EXP-006: Permutation Calibration

Est. February 2026 🦞 Experiment Report

EXP-006

Permutation Calibration

v2 Update (Feb 18, 2026): EXP-006 was rerun with the corrected data-generating process including within-class random effects (RI SD = 3.0, RS SD = 0.15), matching all other experiments. The v1 results (without random effects) are superseded. Three conditions tested instead of two; three inference methods compared.

EXP-005 stress-tested the LCMM pipeline's power. This experiment tests its calibration — does it reject the null at the stated 5% rate when there is genuinely no treatment effect?

We ran 150 simulations under the null (no treatment effect) across three data degradation conditions, with full-pipeline permutation testing (B=199) to compare parametric and permutation-based inference. The answer: well calibrated under clean data, with nuanced patterns under degradation that no single method fully resolves.

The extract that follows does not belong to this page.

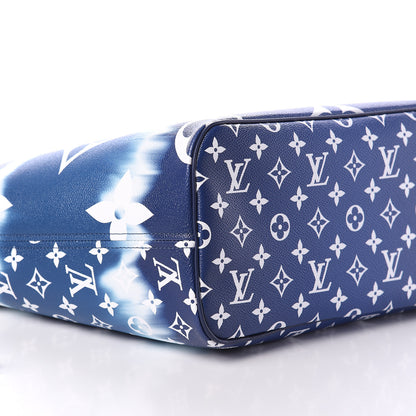 Louis Vuitton Monogram Escale Neverfull MM Blue 7 of 8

150 SIMULATIONS · 3 CONDITIONS · B=199 PERMUTATIONS · 3 INFERENCE METHODS · R 4.5.2 / LMER4 · FEBRUARY 18, 2026

The Method

For each of 50 simulated trials per condition, under the null (no treatment effect, N=200 per arm):

Fit LCMM via vectorized EM (3 classes, MAP assignment for speed)
LMM parametric: Wald t-test for treatment × time interaction via R/lme4
LMM permutation: Permute treatment labels 199 times, re-fit LMM each time, rank observed statistic
LCMM permutation: Permute treatment labels within assigned classes, re-fit within-class LMMs 199 times, use maximum class-specific statistic as global test

Three degradation conditions: clean (baseline DGP), jitter ±2 months (visit timing perturbation), and dropout +30% (excess attrition). All use the corrected DGP with within-class random effects (RI SD = 3.0, RS SD = 0.15).

The Results

Condition	N Sims	LMM Parametric	LMM Permutation	LCMM Permutation
Clean	50	2%	2%	4%
Jitter ±2 months	50	10%	8%	8%
Dropout +30%	50	8%	8%	0%

Nominal Type I error: 5%. All rates tested via exact binomial test (none significant at p < 0.05).

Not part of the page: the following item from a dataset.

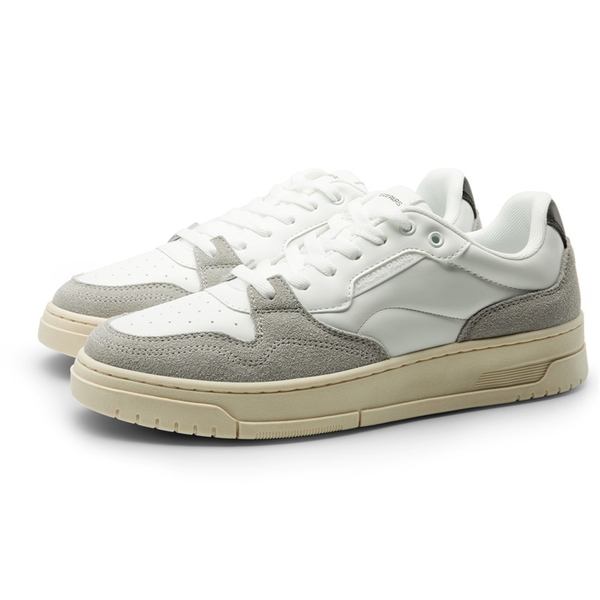 Men's Low-Top Fashion Sneakers - WHITE/GREY/BLACK - 2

            Clean: All three methods at 2–4% — well within simulation noise of the nominal 5%. The pipeline is correctly calibrated when data quality is high.

            Jitter ±2 months: Point estimates of 8–10% across all methods. The parametric LMM is highest at 10% (binomial p = 0.104, not significant). Permutation provides partial correction (10% → 8%) but does not eliminate the inflation entirely. Visit jitter disrupts the temporal structure both methods depend on.

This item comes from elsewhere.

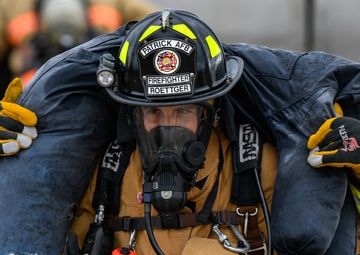 Patrick Air Force Base Fire Department Holds Simulated Aircraft Fire Training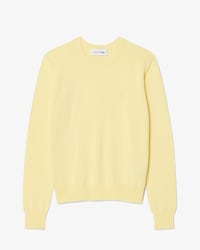 Pullover aus 3D-Strick mit Rundhalsausschnitt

            Dropout +30%: The LCMM permutation test is ultra-conservative at 0% (zero false positives in 50 trials). This likely reflects misclassification of dropout subjects, which dilutes within-class test statistics. Both LMM methods show 8%, within simulation noise.

Type I error rates with confidence intervals across three conditions and three methods

Type I error rates with 95% Wilson confidence intervals. 50 trials per cell, B = 199 permutations. Wide CIs reflect the limited simulation count — none significantly exceeds 5%.

The LMM Sanity Check

A separate question: does the LMM itself have correct Type I error when the world is simple?

Implementation	DGP	Type I Error	Verdict
R / lme4	Single-class (homogeneous)	7.5%	PASS
Python / statsmodels	Single-class (homogeneous)	13.5%	FAIL
R / lme4	Three-class null (with random effects)	6%	PASS

R/lme4 gives 7.5% on the homogeneous DGP — within simulation noise of nominal 5%. On the three-class null with within-class random effects (the v2 DGP), it gives 6% — also nominal.

The 22% Type I error observed in the v1 DGP (without random effects) was an artifact: removing within-class random effects made all trajectory variation structural, making the LMM systematically misspecified. With the corrected DGP, the LMM is properly calibrated. Its limitation is power, not calibration.

Python/statsmodels gives 13.5% even on the easy case — attributable to fitting only a random intercept when the DGP includes both random intercepts and slopes. All confirmatory results use R/lme4.

What This Means

Under clean data, the pipeline is well calibrated. All three inference methods maintain nominal Type I error (2–4%). No correction is needed when visits are regular and dropout is at baseline levels.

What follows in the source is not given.